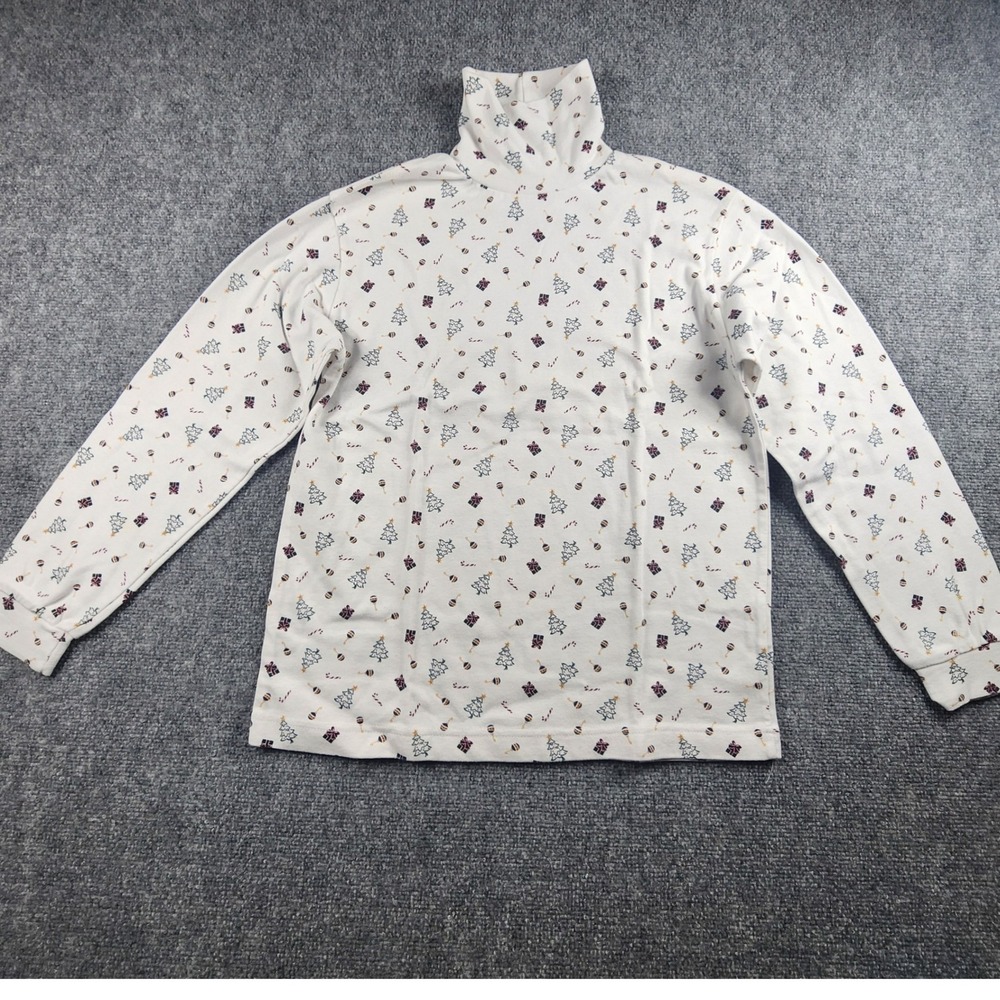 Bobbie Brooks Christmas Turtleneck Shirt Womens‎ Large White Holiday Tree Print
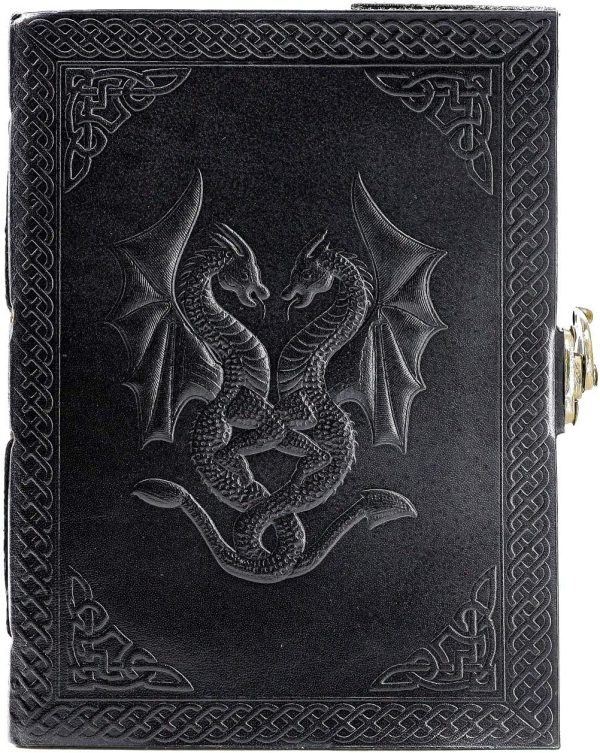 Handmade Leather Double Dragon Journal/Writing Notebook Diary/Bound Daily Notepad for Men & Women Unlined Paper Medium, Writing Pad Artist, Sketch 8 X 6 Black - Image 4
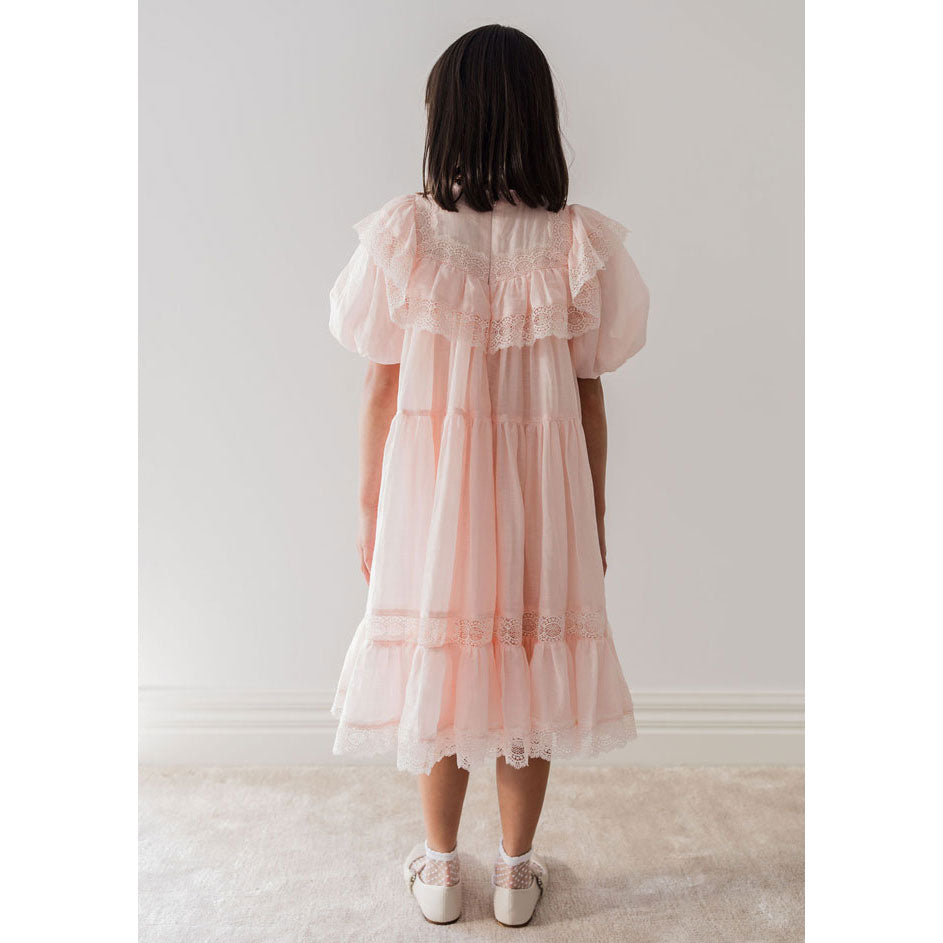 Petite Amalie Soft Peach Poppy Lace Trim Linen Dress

____________________

**Work item:** Copy the lines above exactly and exclude every image.

**Output:**
 Bobbie Brooks Christmas Turtleneck Shirt Womens‎ Large White Holiday Tree Print
 Handmade Leather Double Dragon Journal/Writing Notebook Diary/Bound Daily Notepad for Men & Women Unlined Paper Medium, Writing Pad Artist, Sketch 8 X 6 Black - Image 4
 Petite Amalie Soft Peach Poppy Lace Trim Linen Dress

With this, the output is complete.